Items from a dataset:
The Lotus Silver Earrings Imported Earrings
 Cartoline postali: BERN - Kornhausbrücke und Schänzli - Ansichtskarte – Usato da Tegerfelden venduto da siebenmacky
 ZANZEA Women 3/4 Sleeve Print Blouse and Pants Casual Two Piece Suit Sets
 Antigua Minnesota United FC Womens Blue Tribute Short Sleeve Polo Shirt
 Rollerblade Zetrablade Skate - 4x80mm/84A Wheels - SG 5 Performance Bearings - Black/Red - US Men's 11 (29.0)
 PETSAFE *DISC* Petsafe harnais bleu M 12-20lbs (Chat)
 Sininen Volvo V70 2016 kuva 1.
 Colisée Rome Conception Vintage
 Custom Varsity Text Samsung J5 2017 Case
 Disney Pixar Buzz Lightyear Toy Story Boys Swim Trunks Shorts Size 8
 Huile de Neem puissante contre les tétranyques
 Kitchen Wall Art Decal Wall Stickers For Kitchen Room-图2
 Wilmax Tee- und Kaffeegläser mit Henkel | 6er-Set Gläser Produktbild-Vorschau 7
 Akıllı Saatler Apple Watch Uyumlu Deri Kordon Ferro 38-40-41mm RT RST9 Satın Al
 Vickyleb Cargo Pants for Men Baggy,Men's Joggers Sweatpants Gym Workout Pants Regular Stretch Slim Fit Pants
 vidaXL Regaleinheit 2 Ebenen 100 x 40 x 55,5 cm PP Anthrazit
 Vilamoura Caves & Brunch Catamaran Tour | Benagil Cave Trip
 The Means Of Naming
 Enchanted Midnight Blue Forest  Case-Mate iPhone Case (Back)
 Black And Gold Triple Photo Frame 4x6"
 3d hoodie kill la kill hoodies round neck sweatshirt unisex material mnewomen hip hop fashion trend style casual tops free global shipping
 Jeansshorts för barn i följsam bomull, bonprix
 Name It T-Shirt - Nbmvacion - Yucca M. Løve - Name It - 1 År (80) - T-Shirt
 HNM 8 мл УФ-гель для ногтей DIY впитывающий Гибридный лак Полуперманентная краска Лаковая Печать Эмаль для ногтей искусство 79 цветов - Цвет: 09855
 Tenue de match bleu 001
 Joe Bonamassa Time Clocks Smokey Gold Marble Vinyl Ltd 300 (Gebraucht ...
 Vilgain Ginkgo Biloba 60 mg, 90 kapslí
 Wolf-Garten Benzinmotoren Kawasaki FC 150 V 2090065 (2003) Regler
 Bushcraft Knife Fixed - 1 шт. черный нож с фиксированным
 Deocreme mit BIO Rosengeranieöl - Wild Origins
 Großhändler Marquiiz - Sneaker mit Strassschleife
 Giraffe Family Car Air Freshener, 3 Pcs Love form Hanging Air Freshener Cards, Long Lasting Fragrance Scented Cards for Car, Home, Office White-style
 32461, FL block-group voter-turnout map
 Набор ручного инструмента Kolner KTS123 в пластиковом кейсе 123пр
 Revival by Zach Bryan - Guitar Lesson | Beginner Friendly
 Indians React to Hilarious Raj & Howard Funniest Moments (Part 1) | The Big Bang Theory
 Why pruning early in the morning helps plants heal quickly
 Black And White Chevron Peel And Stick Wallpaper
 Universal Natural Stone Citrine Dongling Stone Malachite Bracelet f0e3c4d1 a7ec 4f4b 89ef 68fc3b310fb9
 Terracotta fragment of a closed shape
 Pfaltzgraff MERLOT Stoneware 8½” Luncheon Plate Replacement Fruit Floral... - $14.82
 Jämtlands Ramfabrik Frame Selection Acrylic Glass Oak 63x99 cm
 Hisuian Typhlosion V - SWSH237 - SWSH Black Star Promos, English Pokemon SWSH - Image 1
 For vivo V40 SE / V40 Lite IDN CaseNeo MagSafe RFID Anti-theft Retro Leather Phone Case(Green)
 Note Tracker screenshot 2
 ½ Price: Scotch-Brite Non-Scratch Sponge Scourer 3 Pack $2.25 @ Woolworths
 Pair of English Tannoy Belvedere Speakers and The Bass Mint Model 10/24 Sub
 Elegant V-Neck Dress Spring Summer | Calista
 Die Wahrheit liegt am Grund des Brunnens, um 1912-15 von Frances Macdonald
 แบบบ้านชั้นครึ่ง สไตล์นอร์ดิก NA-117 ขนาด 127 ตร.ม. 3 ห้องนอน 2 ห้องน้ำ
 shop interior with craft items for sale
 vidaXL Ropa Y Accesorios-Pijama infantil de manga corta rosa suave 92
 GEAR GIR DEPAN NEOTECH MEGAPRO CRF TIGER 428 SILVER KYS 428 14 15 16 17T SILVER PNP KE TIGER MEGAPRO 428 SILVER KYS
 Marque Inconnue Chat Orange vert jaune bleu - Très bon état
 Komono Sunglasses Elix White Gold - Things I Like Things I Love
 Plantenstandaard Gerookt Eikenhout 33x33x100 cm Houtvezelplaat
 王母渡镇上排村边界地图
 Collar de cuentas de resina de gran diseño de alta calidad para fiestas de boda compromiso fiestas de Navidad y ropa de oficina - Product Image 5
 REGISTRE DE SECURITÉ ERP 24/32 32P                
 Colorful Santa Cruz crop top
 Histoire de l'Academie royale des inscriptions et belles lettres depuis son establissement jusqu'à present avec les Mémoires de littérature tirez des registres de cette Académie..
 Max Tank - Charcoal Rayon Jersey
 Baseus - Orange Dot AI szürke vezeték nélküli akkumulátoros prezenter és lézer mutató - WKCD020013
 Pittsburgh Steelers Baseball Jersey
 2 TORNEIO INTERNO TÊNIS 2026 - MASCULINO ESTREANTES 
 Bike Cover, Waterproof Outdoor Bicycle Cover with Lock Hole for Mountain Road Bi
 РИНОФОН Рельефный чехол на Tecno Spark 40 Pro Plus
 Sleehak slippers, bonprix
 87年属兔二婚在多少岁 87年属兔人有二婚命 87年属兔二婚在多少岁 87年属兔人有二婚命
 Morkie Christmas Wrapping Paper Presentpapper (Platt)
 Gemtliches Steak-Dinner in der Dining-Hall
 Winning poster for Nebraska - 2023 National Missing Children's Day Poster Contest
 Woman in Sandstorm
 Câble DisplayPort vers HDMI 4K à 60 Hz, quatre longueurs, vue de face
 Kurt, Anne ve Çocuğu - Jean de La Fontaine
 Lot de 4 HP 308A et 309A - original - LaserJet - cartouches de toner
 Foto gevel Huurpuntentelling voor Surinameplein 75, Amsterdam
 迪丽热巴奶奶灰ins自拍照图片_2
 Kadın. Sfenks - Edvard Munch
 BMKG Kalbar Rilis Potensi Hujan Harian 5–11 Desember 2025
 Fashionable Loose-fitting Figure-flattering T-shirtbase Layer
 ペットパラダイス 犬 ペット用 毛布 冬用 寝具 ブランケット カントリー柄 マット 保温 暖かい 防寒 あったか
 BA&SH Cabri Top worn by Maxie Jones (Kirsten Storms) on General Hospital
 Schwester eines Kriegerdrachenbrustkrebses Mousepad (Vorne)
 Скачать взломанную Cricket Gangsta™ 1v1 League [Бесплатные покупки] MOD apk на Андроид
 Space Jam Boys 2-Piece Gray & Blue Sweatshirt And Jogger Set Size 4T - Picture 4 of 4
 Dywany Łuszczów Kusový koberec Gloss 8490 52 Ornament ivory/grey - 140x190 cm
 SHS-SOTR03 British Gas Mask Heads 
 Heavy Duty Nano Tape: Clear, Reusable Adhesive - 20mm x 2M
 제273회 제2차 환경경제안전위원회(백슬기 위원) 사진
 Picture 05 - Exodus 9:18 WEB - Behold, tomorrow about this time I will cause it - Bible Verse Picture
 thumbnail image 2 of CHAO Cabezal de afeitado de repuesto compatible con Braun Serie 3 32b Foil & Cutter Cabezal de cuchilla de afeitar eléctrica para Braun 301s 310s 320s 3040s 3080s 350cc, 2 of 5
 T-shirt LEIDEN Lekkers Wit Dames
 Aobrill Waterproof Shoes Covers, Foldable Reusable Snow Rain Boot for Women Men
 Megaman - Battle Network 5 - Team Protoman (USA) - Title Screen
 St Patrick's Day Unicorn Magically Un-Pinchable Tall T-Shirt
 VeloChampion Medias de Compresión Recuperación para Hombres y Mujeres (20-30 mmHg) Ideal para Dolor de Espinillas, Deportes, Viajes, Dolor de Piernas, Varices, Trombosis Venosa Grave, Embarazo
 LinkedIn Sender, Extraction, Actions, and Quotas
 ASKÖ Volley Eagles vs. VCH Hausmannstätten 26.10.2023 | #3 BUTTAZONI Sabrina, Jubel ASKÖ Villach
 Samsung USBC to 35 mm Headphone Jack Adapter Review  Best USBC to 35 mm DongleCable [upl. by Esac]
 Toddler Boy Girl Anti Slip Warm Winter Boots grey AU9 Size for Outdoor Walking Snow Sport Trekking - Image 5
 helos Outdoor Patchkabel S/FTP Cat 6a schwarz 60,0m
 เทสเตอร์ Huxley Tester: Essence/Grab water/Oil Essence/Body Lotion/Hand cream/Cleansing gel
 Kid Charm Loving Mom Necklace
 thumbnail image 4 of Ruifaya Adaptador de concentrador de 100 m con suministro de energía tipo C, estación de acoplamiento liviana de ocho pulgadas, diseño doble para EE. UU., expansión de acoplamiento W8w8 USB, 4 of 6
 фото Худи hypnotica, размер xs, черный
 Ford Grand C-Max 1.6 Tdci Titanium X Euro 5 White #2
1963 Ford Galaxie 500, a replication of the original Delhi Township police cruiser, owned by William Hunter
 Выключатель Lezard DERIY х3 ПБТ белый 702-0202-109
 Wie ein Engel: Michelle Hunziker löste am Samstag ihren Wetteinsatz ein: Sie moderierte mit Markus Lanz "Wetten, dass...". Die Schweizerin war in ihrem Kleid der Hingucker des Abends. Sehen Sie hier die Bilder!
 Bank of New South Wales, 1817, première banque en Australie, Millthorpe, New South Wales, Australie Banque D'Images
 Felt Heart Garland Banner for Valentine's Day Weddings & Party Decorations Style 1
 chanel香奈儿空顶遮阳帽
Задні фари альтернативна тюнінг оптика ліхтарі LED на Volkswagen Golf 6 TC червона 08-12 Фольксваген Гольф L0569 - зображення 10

◆ Assigned task ◆
State the number of lines in the data that include the string "Black", and add nothing else.

◆ Written response ◆
4